To use the code, the operator simply enters dose, dose rate, number of exposures and time between each exposure. A computer-generated graph then shows the number and rate at which bone marrow cells are dying. An option permits the same graph to show how different cell lineages repopulate during, between and after individual radiation treatments; some of the injured marrow cells may proliferate and replace some of the normal bone marrow stem cells. MarCell calculates the increased risk of cancer of the blood and lymph glands that results from marrow transfusion or immunosuppression.

ORNL researchers were the first to use modern statistical techniques and sophisticated computing power to address the thorny problem of the death rate and growth rate of irradiated bone marrow cells.

"Our big surprise was that the results of Morris' calculations did not describe stem cells as the cells most critical to the survival or death of an animal," Jones said. "I suggested that stroma cells might be more critical than believed, and the results on both animal and cell survival rates matched those of cells in the mathematical model."

This finding has been confirmed by more recent experimental work, according to Jones, who said the evidence shows that stroma cells (stroma means "bed" in Greek) do much more than simply serve as a supportive layer to which stem cells must attach before they can proliferate.

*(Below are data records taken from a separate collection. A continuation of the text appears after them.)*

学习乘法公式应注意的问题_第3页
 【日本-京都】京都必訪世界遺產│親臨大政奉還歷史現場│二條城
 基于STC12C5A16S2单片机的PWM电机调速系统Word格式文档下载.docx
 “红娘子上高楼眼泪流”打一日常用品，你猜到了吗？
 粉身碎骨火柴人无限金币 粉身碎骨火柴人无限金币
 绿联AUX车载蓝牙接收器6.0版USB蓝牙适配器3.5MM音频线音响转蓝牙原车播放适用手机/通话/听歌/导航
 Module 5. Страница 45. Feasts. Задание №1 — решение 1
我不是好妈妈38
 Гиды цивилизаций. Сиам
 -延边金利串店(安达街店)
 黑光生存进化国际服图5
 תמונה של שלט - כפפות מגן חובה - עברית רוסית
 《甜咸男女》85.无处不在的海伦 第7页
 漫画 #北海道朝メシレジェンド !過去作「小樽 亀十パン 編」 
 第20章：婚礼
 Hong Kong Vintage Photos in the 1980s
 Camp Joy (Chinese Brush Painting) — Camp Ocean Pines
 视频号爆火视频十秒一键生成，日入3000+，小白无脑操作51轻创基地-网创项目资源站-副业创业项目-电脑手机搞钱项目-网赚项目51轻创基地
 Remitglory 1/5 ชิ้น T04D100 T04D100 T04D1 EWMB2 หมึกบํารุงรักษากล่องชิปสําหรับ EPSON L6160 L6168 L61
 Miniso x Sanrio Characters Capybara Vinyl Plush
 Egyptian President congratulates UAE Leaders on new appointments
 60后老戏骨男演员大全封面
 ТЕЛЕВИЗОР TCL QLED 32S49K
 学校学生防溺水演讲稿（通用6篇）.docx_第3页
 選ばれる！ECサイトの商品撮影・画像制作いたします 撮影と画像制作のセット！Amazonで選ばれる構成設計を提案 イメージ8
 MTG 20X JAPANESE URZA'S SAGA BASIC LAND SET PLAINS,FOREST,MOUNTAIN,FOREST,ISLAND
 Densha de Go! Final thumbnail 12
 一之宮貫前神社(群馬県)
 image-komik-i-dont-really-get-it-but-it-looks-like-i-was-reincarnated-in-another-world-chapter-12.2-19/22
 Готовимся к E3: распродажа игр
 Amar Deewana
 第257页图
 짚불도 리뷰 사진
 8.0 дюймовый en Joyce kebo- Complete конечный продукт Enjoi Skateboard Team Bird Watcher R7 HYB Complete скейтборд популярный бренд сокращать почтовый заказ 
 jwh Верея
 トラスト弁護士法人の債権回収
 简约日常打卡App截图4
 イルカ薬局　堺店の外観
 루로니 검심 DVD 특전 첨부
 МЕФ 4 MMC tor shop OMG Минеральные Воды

"These fatty yellow cells produce growth factors, or cytokines, that tell stem cells when and how fast to divide and how to differentiate into platelets and red, white and other kinds of blood and lymphatic cells," Jones said.

The ORNL researchers' code calculations have led to 10 papers in a number of journals, including the International Journal on Radiation Oncology.

ORNL's work in this area has generated interest in applying the same methods to model losses and recovery of irradiated lymphocyte cells. Such information can serve as an early biological indicator of the response of victims of radiation accidents - such as those exposed to radiation from the Chernobyl reactor accident - as well as the response of patients to a series of therapeutic treatments.

The code runs on a DOS- or Windows 95-based operating system and works effectively on a Model 286 or better.

ORNL, one of DOE's multiprogram research laboratories, is managed by Lockheed Martin Energy Research Corporation.